Giuliani seeks win in high-stakes Florida primary, despite poor poll results

1/29/2008
Republican presidential hopeful, former New York City Mayor Rudy Giuliani, talks to the girlfriend of volunteer Javier Manjarres, center, on the phone to encourage her to vote for him as he visits his Broward County campaign headquarters in Pompano Beach, Fla., on Tuesday.
Republican presidential hopeful, former New York City Mayor Rudy Giuliani, talks to the girlfriend of volunteer Javier Manjarres, center, on the phone to encourage her to vote for him as he visits his Broward County campaign headquarters in Pompano Beach, Fla., on Tuesday.

FORT MYERS, Fla. - Rudy Giuliani, having bet almost his entire presidential campaign on Florida, hinted for the first time that he may drop out if he doesn't win the state's primary but insisted anew as the polls opened Tuesday that he intends to win.

"I expect to win it," he said. "You don't contemplate losing it. That isn't something you do on the day of a primary."

Polls show the former New York mayor, last year's national front-runner, trailing badly in the state where he has poured most of his time and energy in his pursuit of the Republican presidential nomination. If he wins Florida, he will have earned the biggest, brashest "I told you so" of his political career.

Lose, and Giuliani may be uttering his final words of the campaign.

"Wednesday morning, we'll make a decision," he told reporters between campaign appearances Monday. "The winner of Florida will win the nomination; we're going to win Florida."

Pressed to elaborate on that remark during morning TV appearances Tuesday, Giuliani declined to go further.

"We are going to win," he insisted. "Of course if you don't win you figure out another strategy"

Just last week, he insisted that no matter what the outcome in Florida he would continue running.

"In the past, I've done the impossible things that people thought were impossible," he told supporters at a rally Monday. He was talking about immigration policy at the time, but he might as well have been discussing how to resuscitate his presidential campaign.

In an unconventional move, Giuliani largely bypassed the early voting states of Iowa, New Hampshire, Michigan and South Carolina, pinning his hopes on a fractured field and the prospect that his moderate GOP record would attract support in the delegate-rich states of Florida, New York, California and Illinois.

Florida has been less than hospitable. Surveys show rivals Mitt Romney and John McCain fighting for the lead, and the state's top two Republicans Sen. Mel Martinez and Gov. Charlie Crist endorsed McCain.

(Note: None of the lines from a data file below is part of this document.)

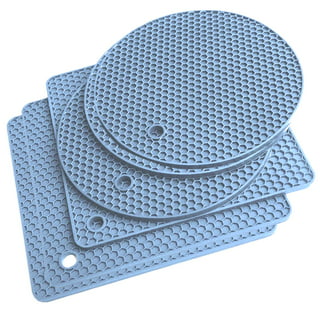 D-groee Heat Resistant Silicone Pot Holder Mats - Hot Pads Spoon Rest, Multipurpose for Hot Dishers Heat Resistant Food Grade Silicone, Size: 21.5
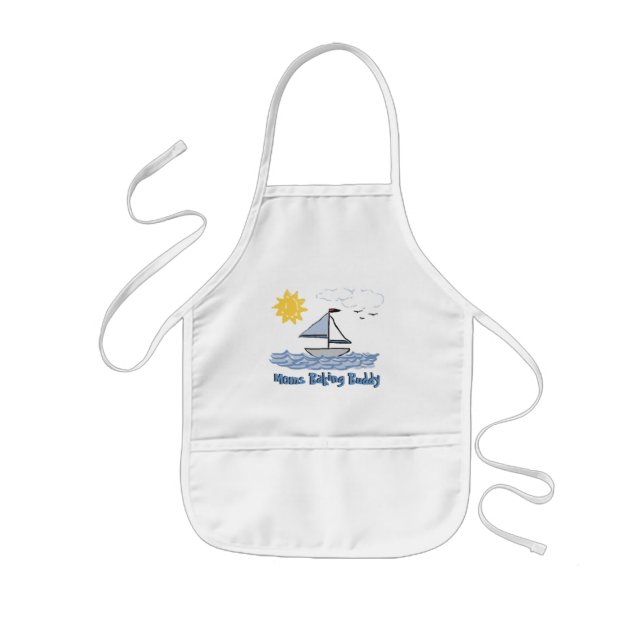 Sailboat O Baking Buddy Kids Apron (Front)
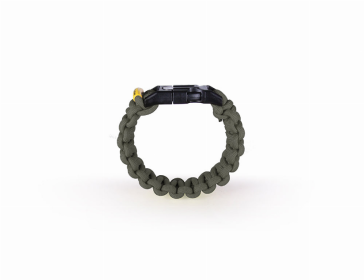 Kodiak Survival Paracord Bracelet (Color: OD Green, size: medium)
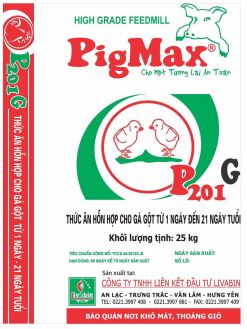 P201G <br />Thức ăn hỗn hợp cho gà bột <br /> Từ 1 đến 21 ngày tuổi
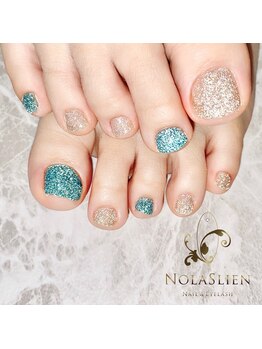 ノーラスリエン 銀座(NOLASLIEN)/フラッシュネイル フットネイル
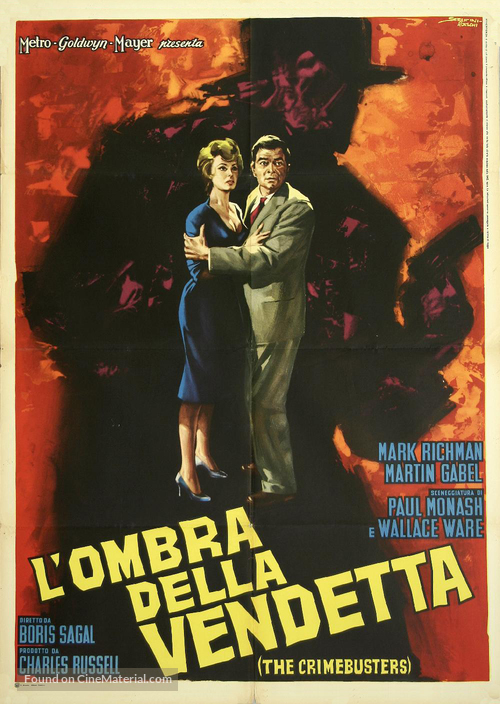 The Crimebusters - Italian Movie Poster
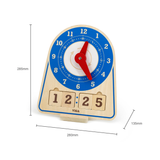 Viga Montessori Learning Clock, Wooden Time Teaching Toy with Movable Hands & Cards, Builds Logic & Fine Motor Skills, Eco-Friendly & Non-Toxic Educational Toy, for Boys & Girls Ages 3+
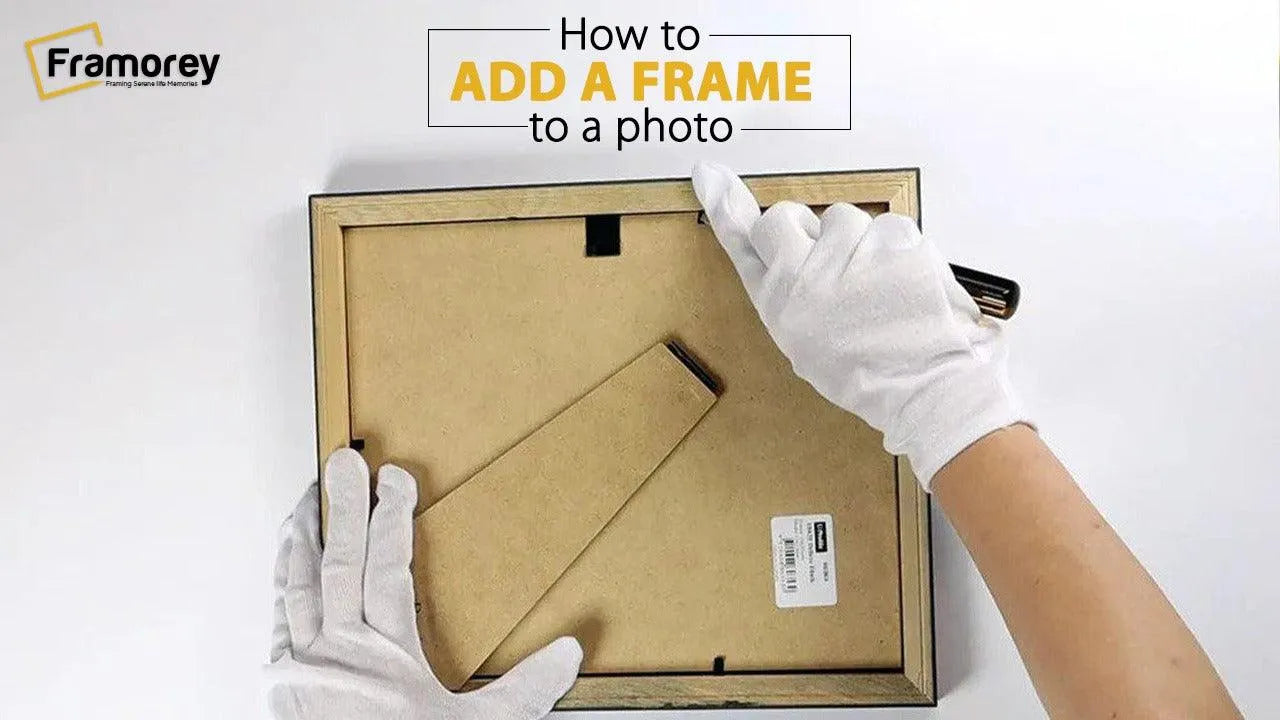 How to add a frame to a photo.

Inside an airport hangar, as a crowd of Giuliani supporters dispersed, some grumbled about Crist's decision to endorse McCain, a major slight to the ex-mayor.

"That was a rotten trick. I'm disappointed," said John Fischer, a self-described "geezer from New Jersey" sporting bright red suspenders and a Giuliani sticker plastered to his cap.

Giuliani was the early favorite among Republicans last year, due to his larger-than-life role leading New York after the Sept. 11 terrorist attacks. It earned the cover of national magazines and drove a multimillion-dollar consulting business. Even years after the attacks, complete strangers would sometimes burst into tears when they met him.

But as the last year's primary positioning grew more intense and the grunt work of ground campaigning wore on, Giuliani's lead evaporated, resulting in weak showings in early states. He finished sixth in Iowa, fourth in New Hampshire.

He has settled on an all-or-nothing Florida strategy, and if he cannot pull off the upset, he will have scant support or resources left to compete with McCain or Romney in next week's 20-plus primaries and caucuses. He has spent $1 million a week on advertising in Florida.

His poll-opening remarks Tuesday came on NBC's "Today" and ABC's "Good Morning America."